* [Exercise brief]:
Your reply is to be the lines below, exactly as written, with images omitted.

╭─ Data section

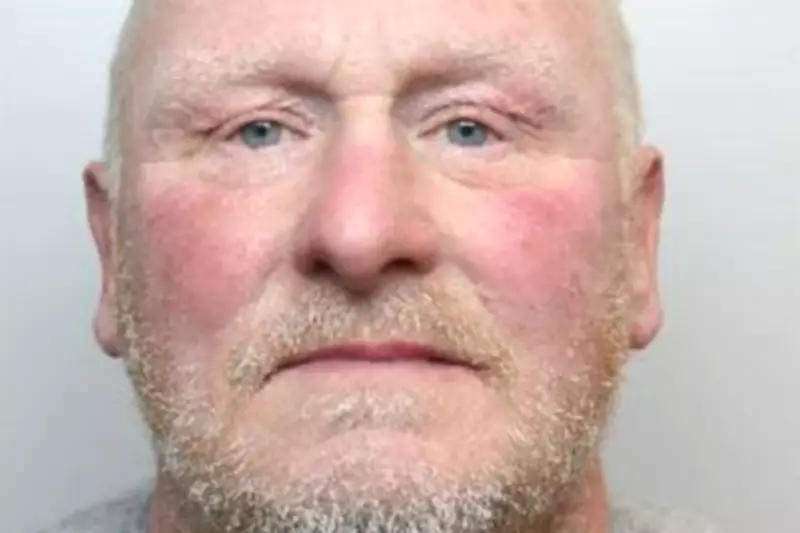 Home Alone-Inspired Drug Dealer Jailed for Booby-Trapping House with Pipe Bombs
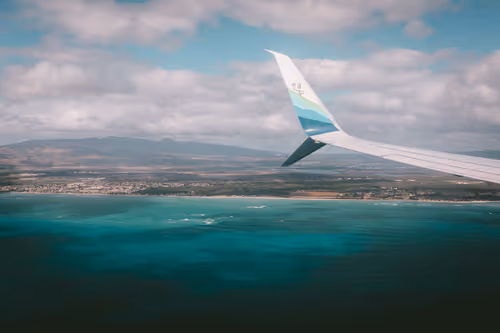 Hawaii #39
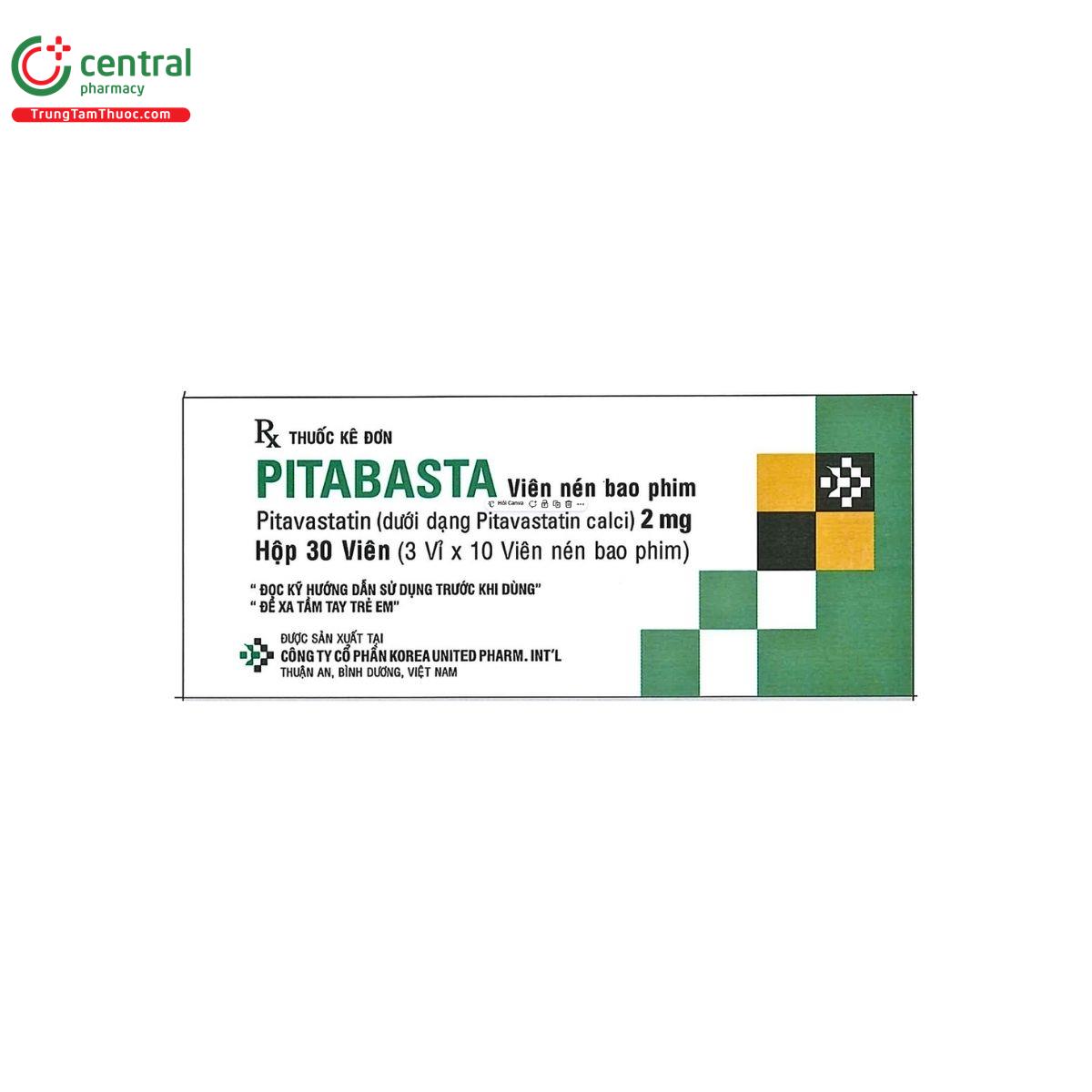 thuoc pitabasta 2mg 1 R7150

╰─

* [Answer box]:
 Home Alone-Inspired Drug Dealer Jailed for Booby-Trapping House with Pipe Bombs
 Hawaii #39
 thuoc pitabasta 2mg 1 R7150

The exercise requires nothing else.